(Disclaimer: This is a complete spoof of a recent blog on Babble.com. I wrote this because I like to write funny things. Do not encourage me)
Today's blog post was inspired by THIS. (click here)
It was inspired by women who take time for themselves to be a little self-giving.
You inspire me.
I don't have it in me.
But, if I did, it would look like this:
I was in Target for 40 minutes on a marathon grab-it- and- go shopping excursion. My husband and children were home in Pennsylvania. (the same location of said Target) They were at home not because they didn't want to be in Target.
No, they were home because I did not invite them. I didn't tell them I was leaving. Not even when they chased my mini van down the driveway demanding answers. I simply sped off, mouthing the words "I'll be right back" through the thick glass.

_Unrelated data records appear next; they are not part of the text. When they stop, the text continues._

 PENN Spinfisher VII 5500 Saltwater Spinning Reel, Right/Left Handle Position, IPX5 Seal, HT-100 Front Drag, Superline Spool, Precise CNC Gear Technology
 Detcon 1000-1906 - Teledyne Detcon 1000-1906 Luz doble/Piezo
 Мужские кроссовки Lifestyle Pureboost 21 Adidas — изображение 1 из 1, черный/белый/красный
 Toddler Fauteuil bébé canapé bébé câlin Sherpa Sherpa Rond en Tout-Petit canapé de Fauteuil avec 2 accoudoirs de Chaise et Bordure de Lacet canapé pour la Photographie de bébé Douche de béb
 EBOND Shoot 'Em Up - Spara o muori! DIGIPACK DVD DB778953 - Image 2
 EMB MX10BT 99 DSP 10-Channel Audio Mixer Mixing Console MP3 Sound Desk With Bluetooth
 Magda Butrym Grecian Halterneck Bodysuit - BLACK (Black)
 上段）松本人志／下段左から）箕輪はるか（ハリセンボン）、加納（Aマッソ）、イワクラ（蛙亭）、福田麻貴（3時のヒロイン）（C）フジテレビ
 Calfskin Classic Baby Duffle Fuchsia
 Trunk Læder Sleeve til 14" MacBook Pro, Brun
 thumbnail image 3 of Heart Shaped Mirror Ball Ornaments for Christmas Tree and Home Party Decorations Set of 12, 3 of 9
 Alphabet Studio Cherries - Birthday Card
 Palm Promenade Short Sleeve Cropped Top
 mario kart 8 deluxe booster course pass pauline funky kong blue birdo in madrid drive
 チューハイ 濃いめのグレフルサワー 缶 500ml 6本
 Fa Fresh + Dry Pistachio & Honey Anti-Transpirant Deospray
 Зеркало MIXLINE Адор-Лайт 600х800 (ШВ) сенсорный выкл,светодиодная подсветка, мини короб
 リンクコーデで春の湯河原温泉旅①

For so many reasons, I wanted to go to Target alone: to focus on 2-ply or 3 in the toilet paper aisle rather than the needs of my kids, to compare the ingredients of every name brand and see if they really stack up against that Up stuff, to sip my very own whipped cream- topped latte from the Starbucks window (ps: holiday red cups are back), to skip the toy aisle, to buy only the cheapest cereal for which I have an accompanying coupon with nary a complaint, or just to stand a little longer in the laundry detergent aisle to overhear a really good cell phone conversation. Even feign interest in laundry detergent when cell phone girl spies me, by thinking out loud, 'Hm. Really? 82 loads? hm."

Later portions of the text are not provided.